Retry Storms: How Well-Meaning Retries Turn a Blip Into an Outage

A downstream service hiccupped for two seconds. Every caller retried three times. Those retries tripled the load on a service that was already struggling, and the blip became a 20-minute outage. Backoff without jitter made it worse, not better.

June 21, 20269 min readSystem DesignResilience

An internal auth service had a two-second GC pause. That should have been a non-event: a few requests slow, then back to normal. Instead it turned into a 20-minute partial outage that paged four teams. The auth service never recovered on its own. We had to shed load manually to let it breathe. The two seconds of slowness wasn't the outage. The retries were.

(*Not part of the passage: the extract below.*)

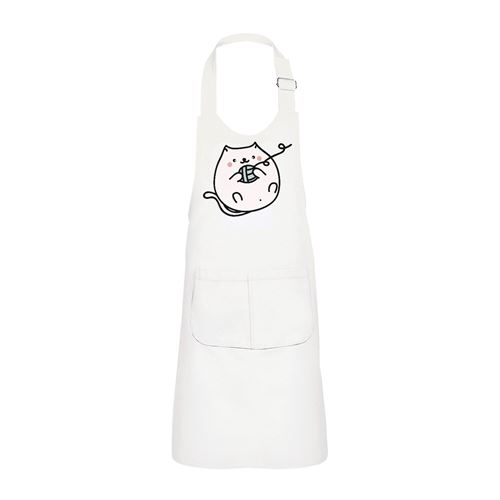 Fabulous Tablier Cuisine Enfant 2 Poches Blanc Chat Pusheen Pelotte de Laine Dessin Kawai - Haut de gamme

How a blip becomes a storm

The auth service had maybe 200 callers. Each caller, sensibly, retried failed requests up to 3 times. So during the two-second pause, requests started failing or timing out, and every one of those failures turned into up to 3 more requests. The instant the service came back, it was hit with not the normal load but roughly 4x the normal load: the fresh requests plus the backlog of everyone's retries, all arriving at once.

That 4x spike pushed it back over the edge. More requests failed. Those failures generated more retries. The retries kept the service pinned above capacity, so it kept failing, so callers kept retrying. The system had found a stable equilibrium, and the equilibrium was "down". This is a retry storm, and the thing that makes it vicious is that it is self-sustaining: the retries cause the failures that cause the retries.

Backoff alone doesn't save you

"Just add exponential backoff" is the standard advice, and it is necessary but not sufficient. Backoff spaces out one client's retries: wait 100ms, then 200ms, then 400ms. Good. But if 200 clients all failed at the same instant (which they did, they all saw the same GC pause), then they all back off by the same amounts and all retry at the same future instants. You haven't spread the load, you've just moved the spike to the right and kept its shape. The herd retries in lockstep.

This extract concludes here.